« La filière bovine est à un tournant, et c’est à nous d’agir si nous ne voulons pas louper le virage », introduit Philippe Auger, président d’Elvea France lors de son congrès annuel à Saint-Ours (Puy-de-Dôme), le jeudi 5 septembre 2024. Associations d’éleveurs, négociants, commerçants, abatteurs… Leur objectif est commun : enrayer la décapitalisation et assurer le renouvellement des générations dans tous les maillons de la chaîne.

Malgré la crise au sein de la filière d’abattage — qui contraint les outils à ne travailler que quatre jours sur cinq, voire à cesser totalement l’activité — Yves Fantou, président de Culture Viande, garde espoir. « Nous n’avons pas le droit de laisser tomber. Nous voulons continuer, c’est pour cela que de nombreux projets d’investissements sont en cours dans nos entreprises. Cette modernisation passe aussi par une montée en compétences de tous les employés. Si on veut avancer, il faut plus de confort au travail. »

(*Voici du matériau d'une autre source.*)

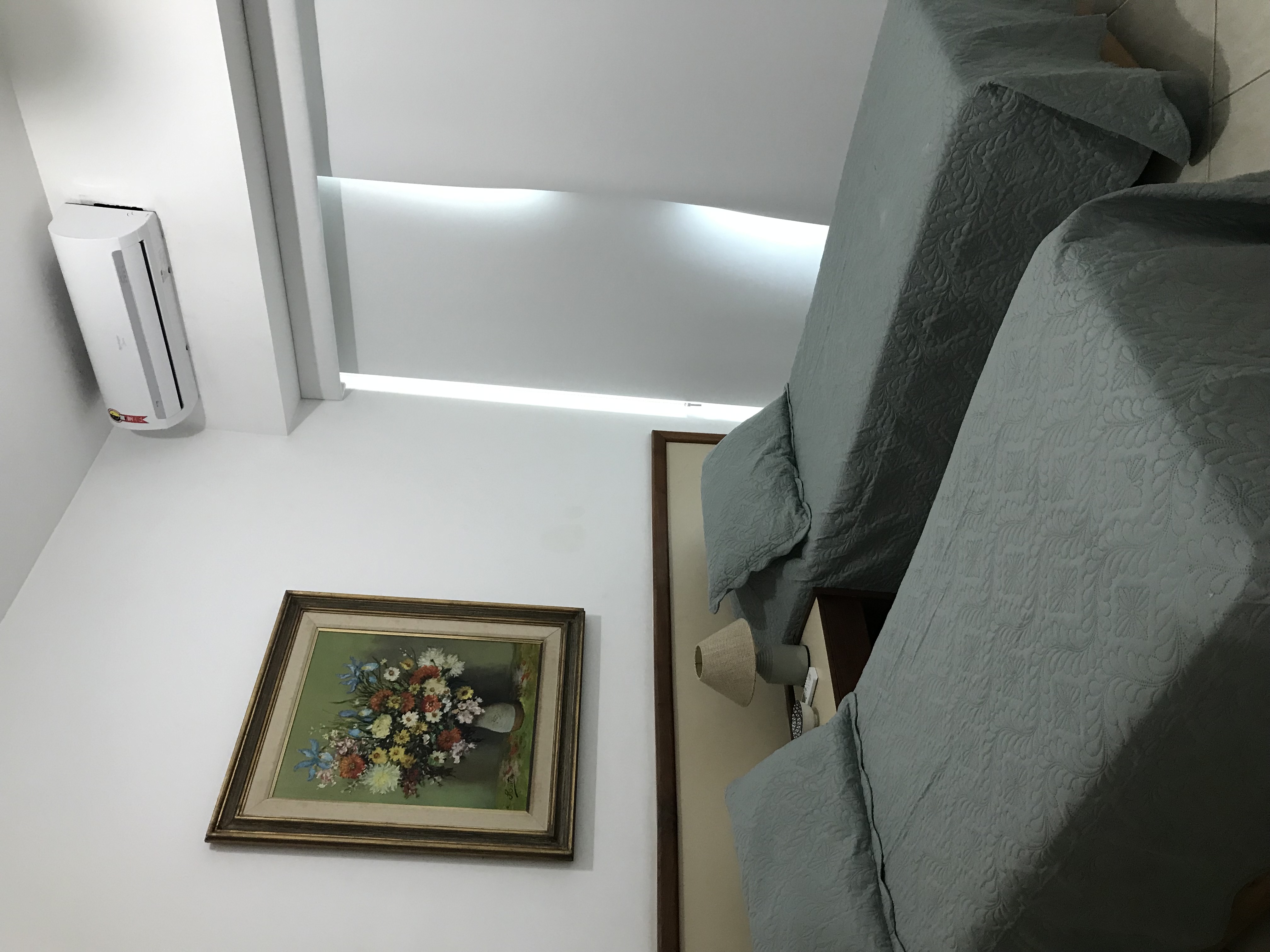 Tiffany’s Ipanema 905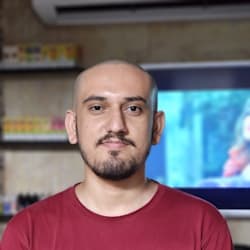 alikhalid05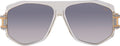 Lunettes de Soleil Cazal 163/3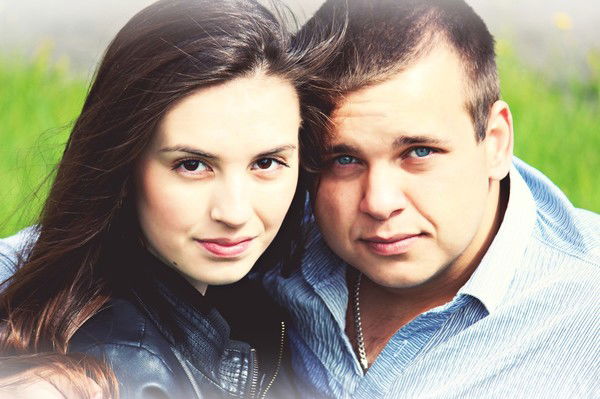 Евгений Онегин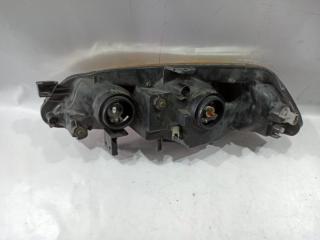Фара правая HONDA ODYSSEY RA6 0649 5 ракурс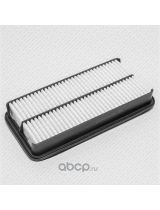 GREEN FILTER LF0319 Фильтр воздушный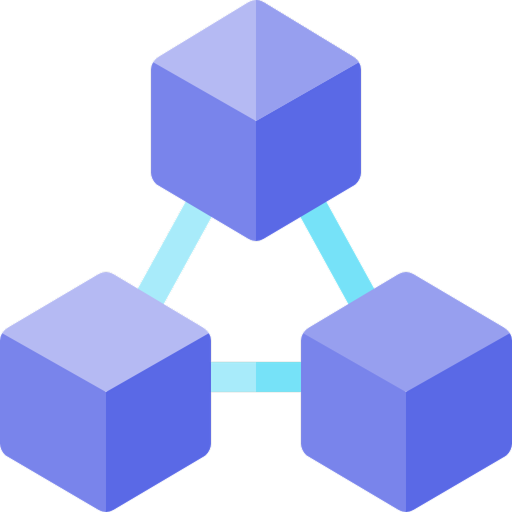 service icon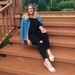 Profile Picture of Amelia Bray (@amelialynn4120) on Pinterest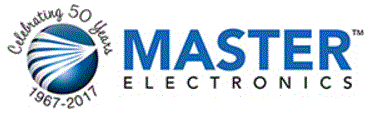 Image of Distributor Logo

Patrick Bénézit, président de la Fédération nationale bovine, abonde en ce sens, mais sous l’angle du prix. « Nous devons renforcer le respect des indicateurs de coûts de production. Plus ils seront respectés, plus on offrira d’opportunités et de solutions aux jeunes qui s’installent. »

Mettre en adéquation l’offre et la demande

En deux ans et demi, les cotations ont augmenté de 45 % sur les marchés. Selon Yves Fantou, cette hausse est « légitime », mais doit être accompagnée d’une réadaptation de la production afin de faire face à la concurrence. « En tant que maillon d’abattage, nous avons un rôle moteur dans l’orientation de la demande et de la mise en adéquation de l’offre. Si on ne s’adapte pas, d’autres pays le feront à notre place. » Des échanges semblent alors nécessaires entre tous les maillons pour produire ce qui est demandé, notamment en passant par la contractualisation.

Sur cet aspect, Bruno Debray met son véto. Le président de la Fédération française des marchés de bétail vif (FMBV) insiste sur « l’importance de garder une liberté de commercialisation. J’ai l’impression qu’on veut amener tout le monde dans le même chemin du contrat, mais il y a des gens qui ne se retrouvent pas dans ces méthodes-là. » Philippe Pruvost, représentant de la Fédération française des commerçants en bestiaux, affirme : « Nous serons en désaccord total avec les associations qui veulent obliger la contractualisation. Nous ne sommes pas contre, mais voulons qu’elle reste à la disposition de chacun. »

Bruno Debray souligne également la nécessité de « maintenir les cotations des marchés qui servent de repère à tous les éleveurs, même ceux qui n’y vendent pas d’animaux ».

« Garder des petites génisses »

Pour Patrick Bénézit, le prix minimum des coûts de production doit être « atteint collectivement pour enrayer la décapitalisation, qui fait des dégâts dans les fermes mais aussi dans tout le reste de la filière ».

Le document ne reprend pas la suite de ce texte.